What to work on:
Using the data below, return the stretch from the line that contains "少女大人第一集免费在线观看全剧情解析与角色介绍" through the line that contains "CHAPTER 2 INTERATOMIC", both included, exactly as it stands and nothing beyond it.

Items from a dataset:
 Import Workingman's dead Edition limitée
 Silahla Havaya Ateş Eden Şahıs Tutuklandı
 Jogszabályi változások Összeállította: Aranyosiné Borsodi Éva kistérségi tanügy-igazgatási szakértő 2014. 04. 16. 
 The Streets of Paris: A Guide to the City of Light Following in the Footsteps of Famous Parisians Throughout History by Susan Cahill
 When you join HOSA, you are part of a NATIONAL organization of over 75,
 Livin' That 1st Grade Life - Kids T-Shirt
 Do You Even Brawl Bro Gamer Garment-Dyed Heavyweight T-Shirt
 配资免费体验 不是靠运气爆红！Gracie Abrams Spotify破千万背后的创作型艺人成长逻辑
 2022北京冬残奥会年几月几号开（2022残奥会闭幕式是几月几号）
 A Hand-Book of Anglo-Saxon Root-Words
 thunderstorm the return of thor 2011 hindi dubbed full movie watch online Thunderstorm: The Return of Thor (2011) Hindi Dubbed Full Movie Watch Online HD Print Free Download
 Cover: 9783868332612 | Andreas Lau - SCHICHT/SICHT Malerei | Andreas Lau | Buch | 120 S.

---

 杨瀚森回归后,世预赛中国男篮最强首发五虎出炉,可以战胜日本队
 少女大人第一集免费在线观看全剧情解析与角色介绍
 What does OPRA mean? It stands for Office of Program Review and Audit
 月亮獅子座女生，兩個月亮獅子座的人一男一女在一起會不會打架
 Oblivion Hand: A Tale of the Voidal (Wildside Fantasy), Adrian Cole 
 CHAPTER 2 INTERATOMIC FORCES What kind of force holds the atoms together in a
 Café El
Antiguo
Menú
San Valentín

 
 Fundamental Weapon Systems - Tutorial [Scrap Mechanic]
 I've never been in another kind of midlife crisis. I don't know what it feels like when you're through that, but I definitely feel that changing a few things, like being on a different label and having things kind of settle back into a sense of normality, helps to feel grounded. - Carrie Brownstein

Response for this exercise:
 少女大人第一集免费在线观看全剧情解析与角色介绍
 What does OPRA mean? It stands for Office of Program Review and Audit
 月亮獅子座女生，兩個月亮獅子座的人一男一女在一起會不會打架
 Oblivion Hand: A Tale of the Voidal (Wildside Fantasy), Adrian Cole 
 CHAPTER 2 INTERATOMIC FORCES What kind of force holds the atoms together in a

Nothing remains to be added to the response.